● **TASK INPUT**
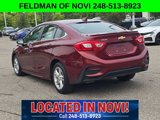 Used 2016 Chevrolet Cruze LT w/ Convenience Package image 3
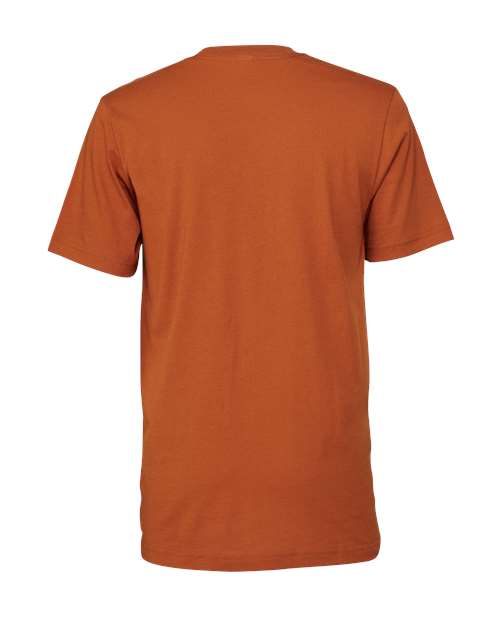 BELLA + CANVAS 3001 - Autumn (Back)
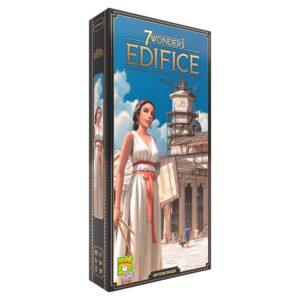 7 Wonders: Edifice
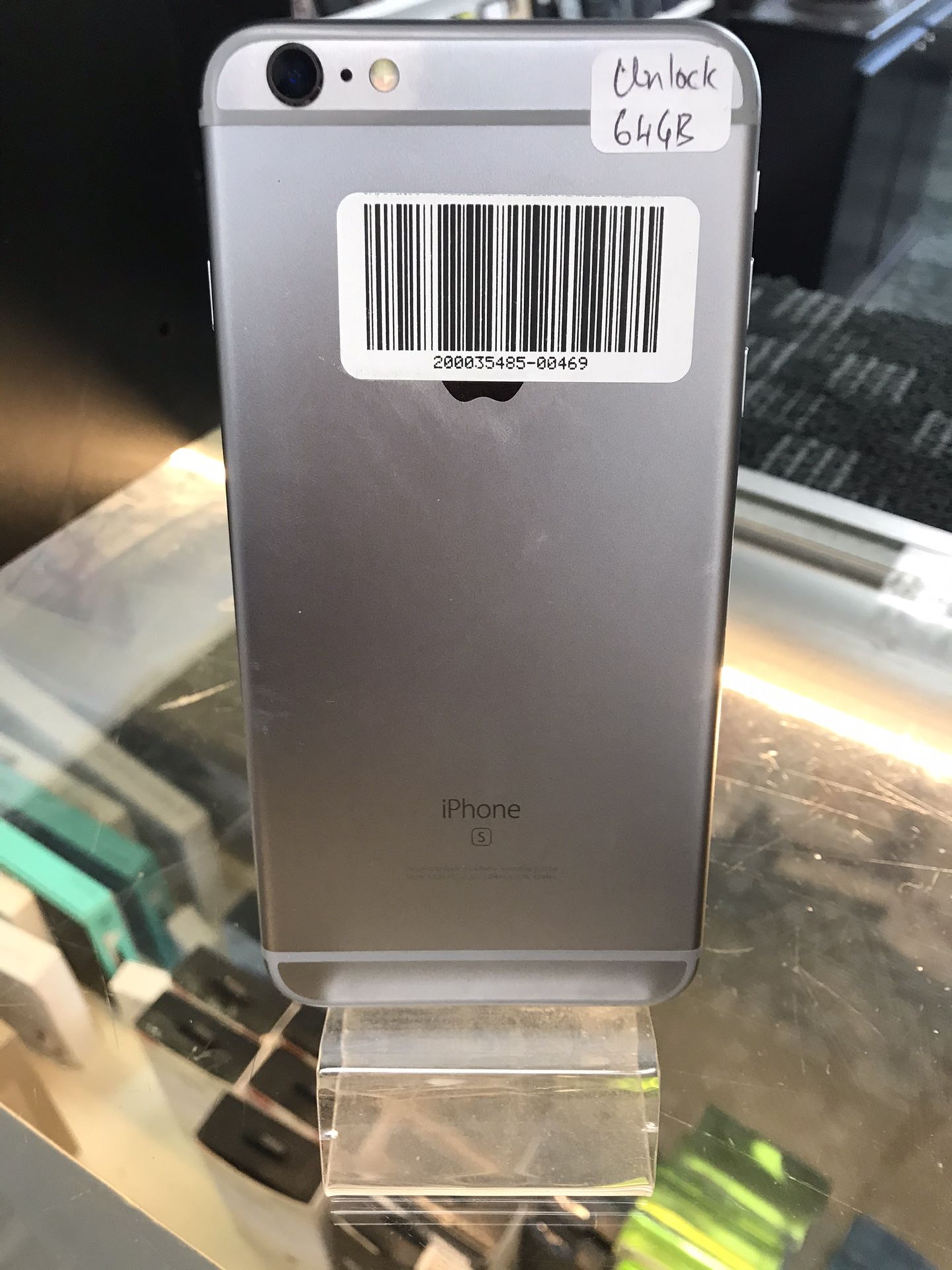 IPHONE 6S EXCELLENT CONDITION UNLOCKED
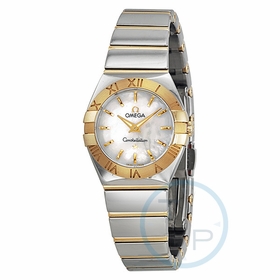 Omega 123.20.24.60.05.004 Constellation Ladies Quartz Watch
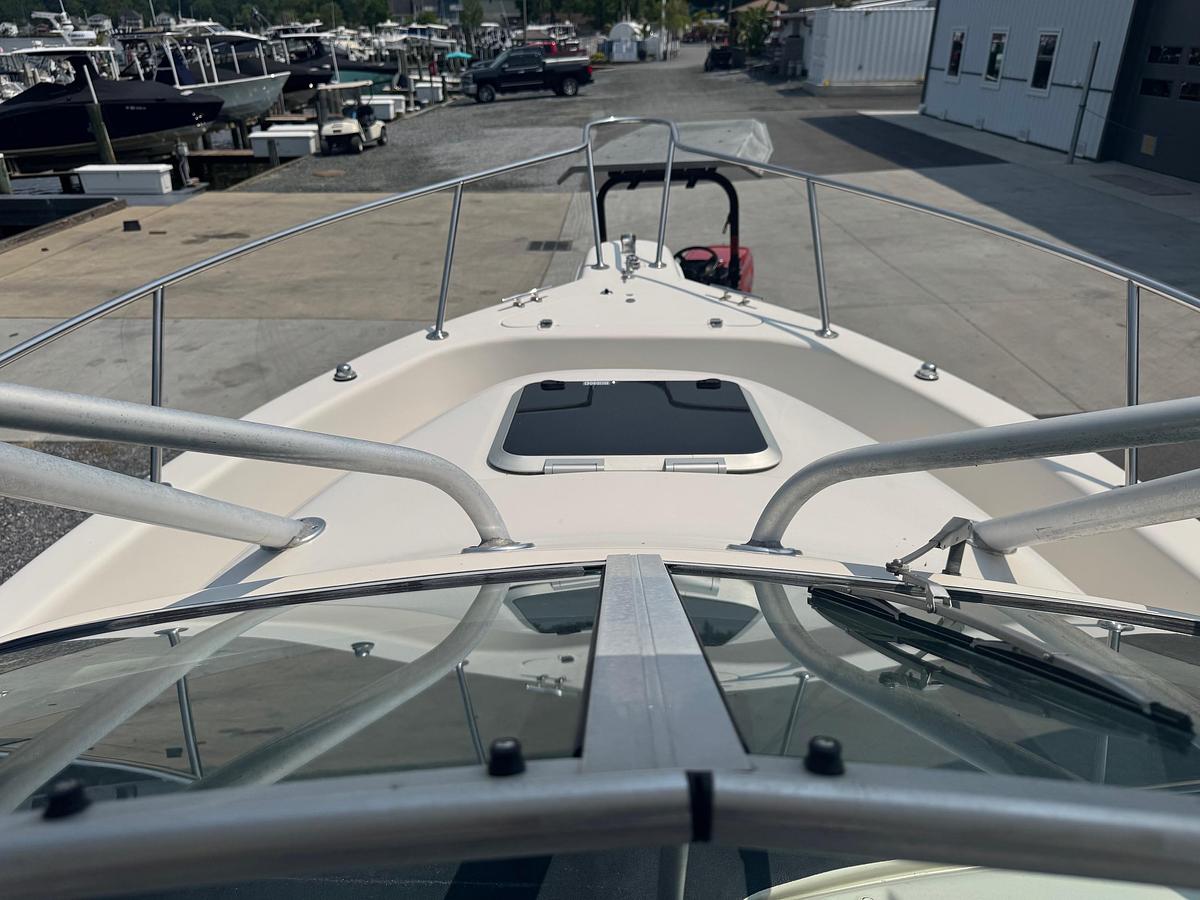 Used 1995 Pro Line 231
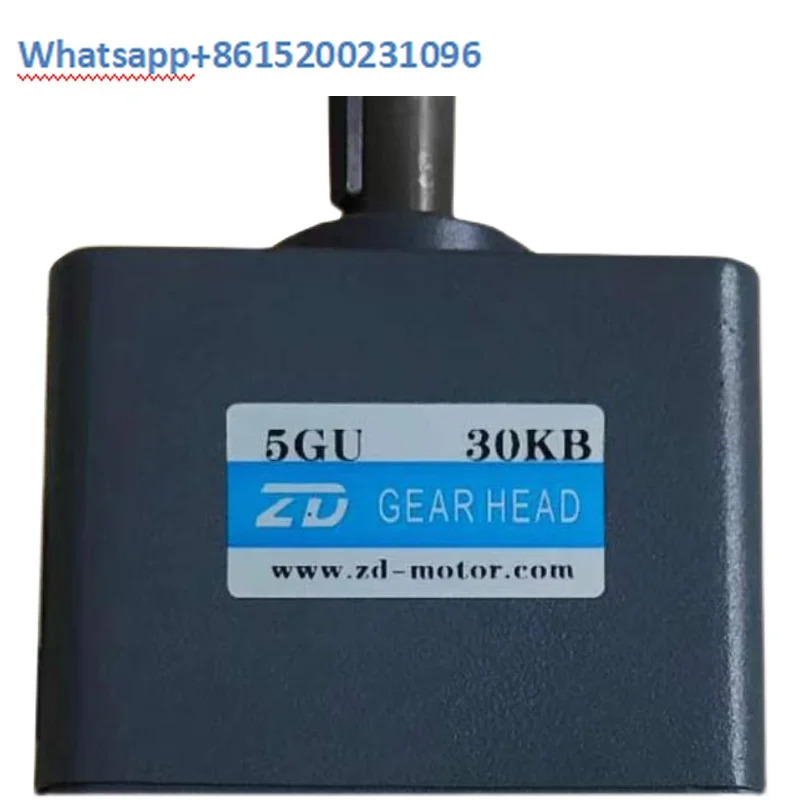 기어박스 5GU3KB 5GU15KB 5GU30KB 5GU50KB 5GU75KB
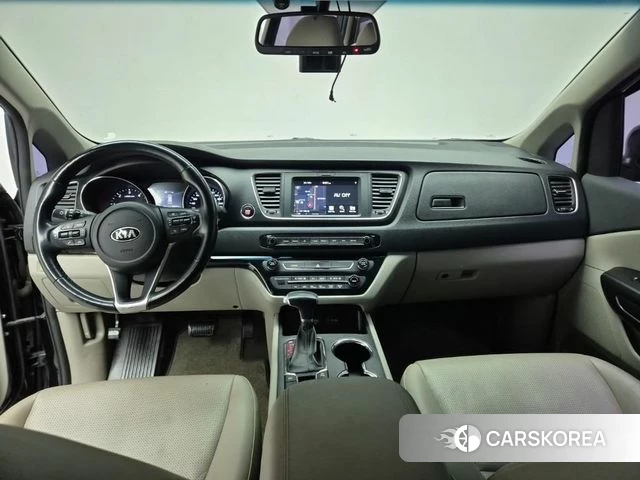 Kia The New Carnival id 4325654 из Кореи 16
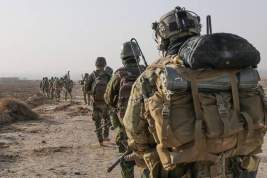 СМИ узнали о намерении США оставить 500 военнослужащих на северо-востоке Сирии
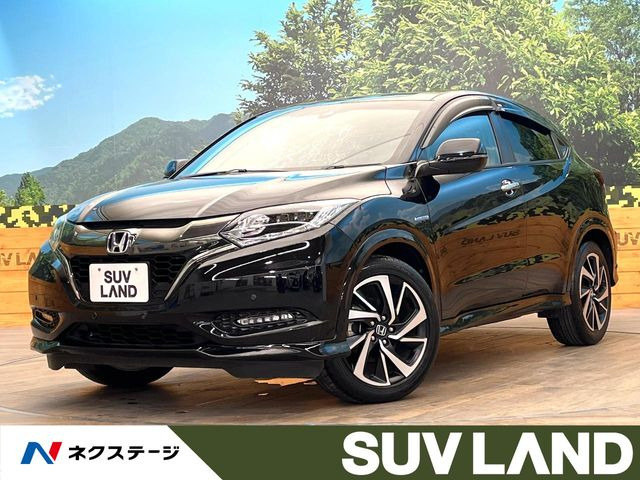 ヴェゼル 1.5 ハイブリッド RS ホンダセンシング 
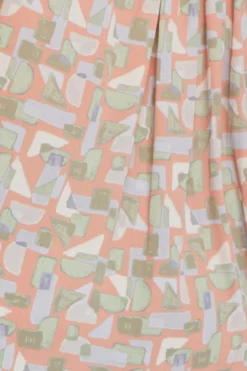 Sleeveless Pintuck Blouse In Plus Size - Cielo Vista -Nydj Apparel Shop WGGT3256 U1051 6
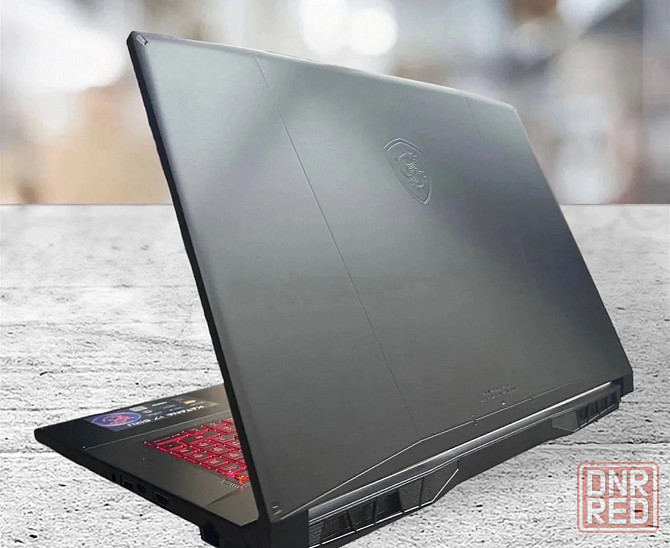 Чек-Гарантия Мощный Ноутбук Msi Katana 17.3 Донецк - изображение 2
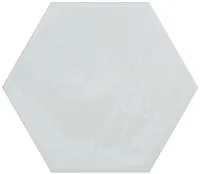 Плитка KANE HEXAGON WHITE глянец глянц, 16x18, арт. 78801168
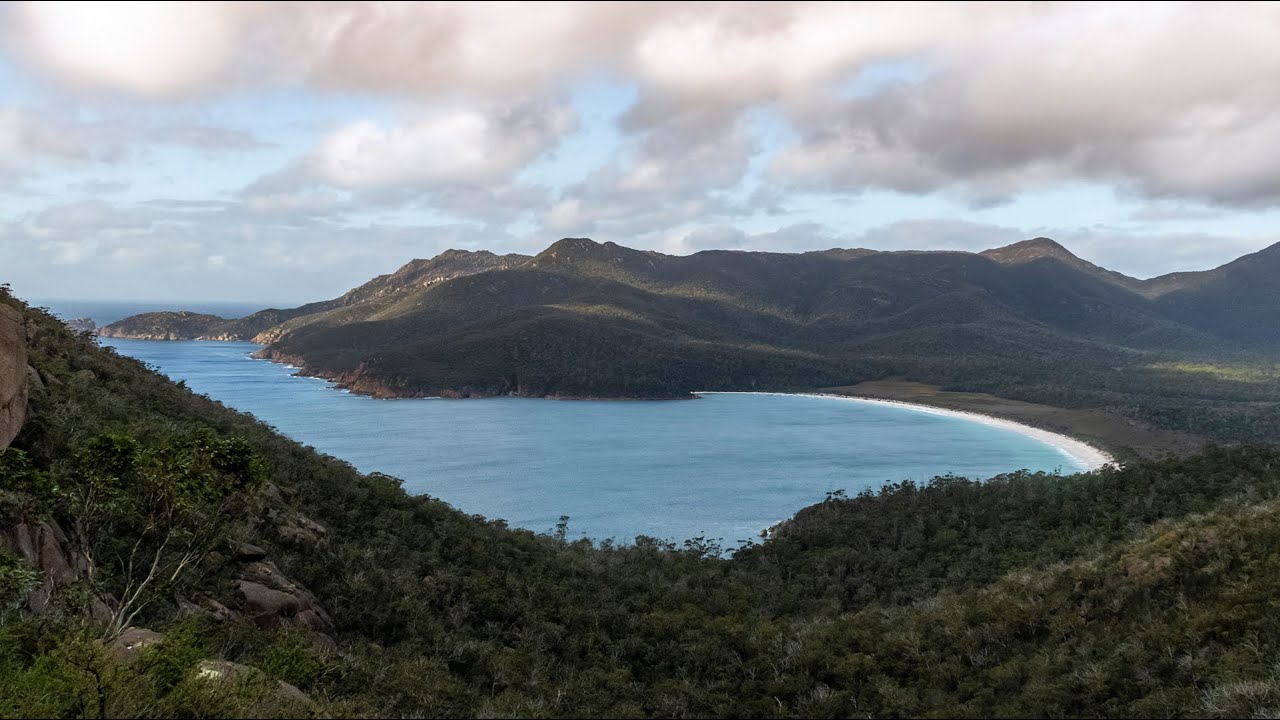Wineglass Bay to Hazards Beach Circuit Walk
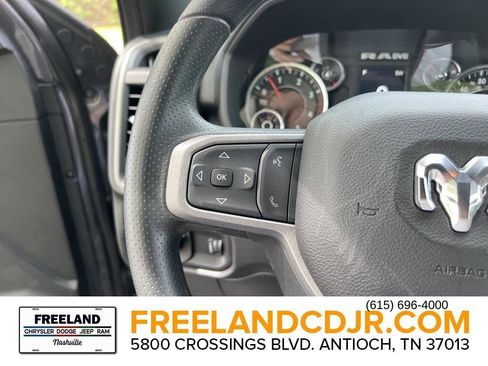 New 2024 RAM 2500 Tradesman w/ Chrome Appearance Group image 11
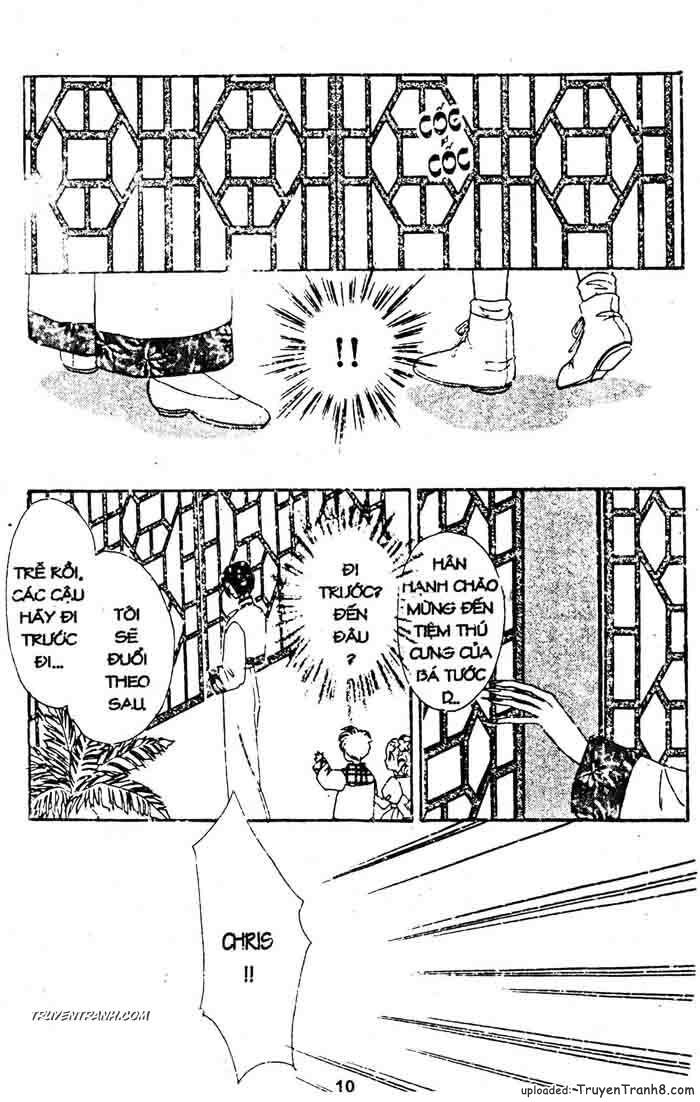 Tiệm Thú Kiểng: Chapter 24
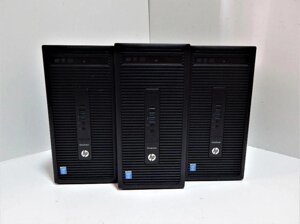 Комп'ютер HP EliteDesk 700 G1 i5-4590 4Гб Graphics 4600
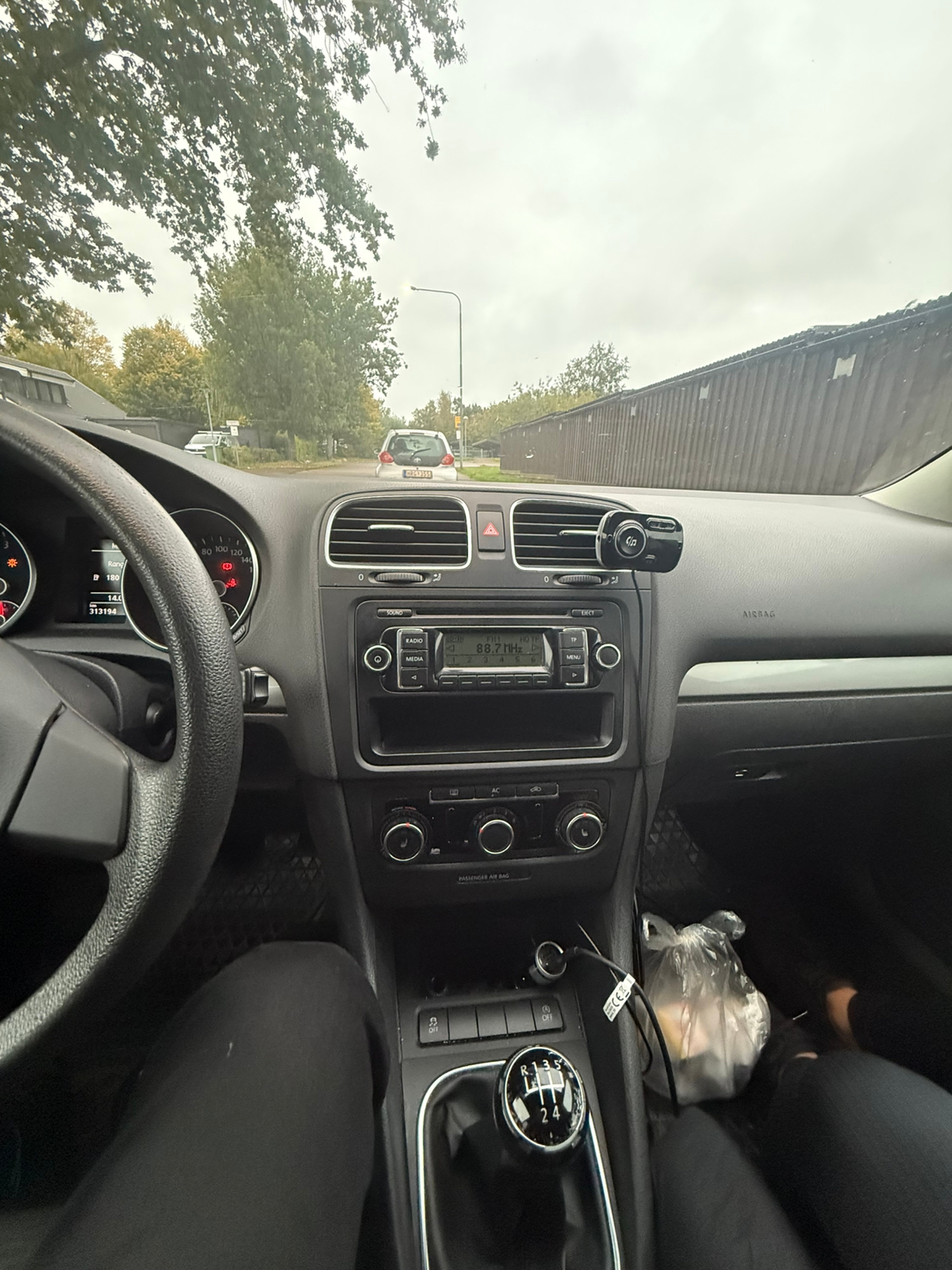 Volkswagen Golf 2011, bild 6/6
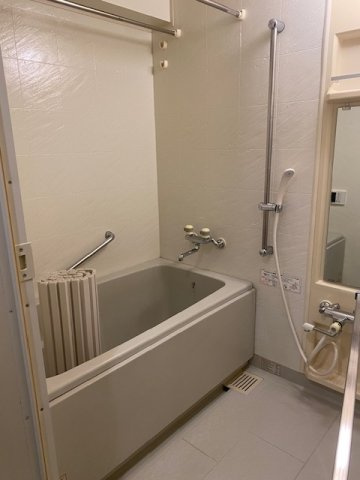 クリオ横浜関内弐番館の浴室|前回募集時の写真になります。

● **PROBLEM DETAILS**
Repeat the listing above exactly, omitting the pictures it contains.

● **REPLY**
 Used 2016 Chevrolet Cruze LT w/ Convenience Package image 3
 BELLA + CANVAS 3001 - Autumn (Back)
 7 Wonders: Edifice
 IPHONE 6S EXCELLENT CONDITION UNLOCKED
 Omega 123.20.24.60.05.004 Constellation Ladies Quartz Watch
 Used 1995 Pro Line 231
 기어박스 5GU3KB 5GU15KB 5GU30KB 5GU50KB 5GU75KB
 Kia The New Carnival id 4325654 из Кореи 16
 СМИ узнали о намерении США оставить 500 военнослужащих на северо-востоке Сирии
 ヴェゼル 1.5 ハイブリッド RS ホンダセンシング 
 Sleeveless Pintuck Blouse In Plus Size - Cielo Vista -Nydj Apparel Shop WGGT3256 U1051 6
 Чек-Гарантия Мощный Ноутбук Msi Katana 17.3 Донецк - изображение 2
 Плитка KANE HEXAGON WHITE глянец глянц, 16x18, арт. 78801168
Wineglass Bay to Hazards Beach Circuit Walk
 New 2024 RAM 2500 Tradesman w/ Chrome Appearance Group image 11
 Tiệm Thú Kiểng: Chapter 24
 Комп'ютер HP EliteDesk 700 G1 i5-4590 4Гб Graphics 4600
 Volkswagen Golf 2011, bild 6/6
 クリオ横浜関内弐番館の浴室|前回募集時の写真になります。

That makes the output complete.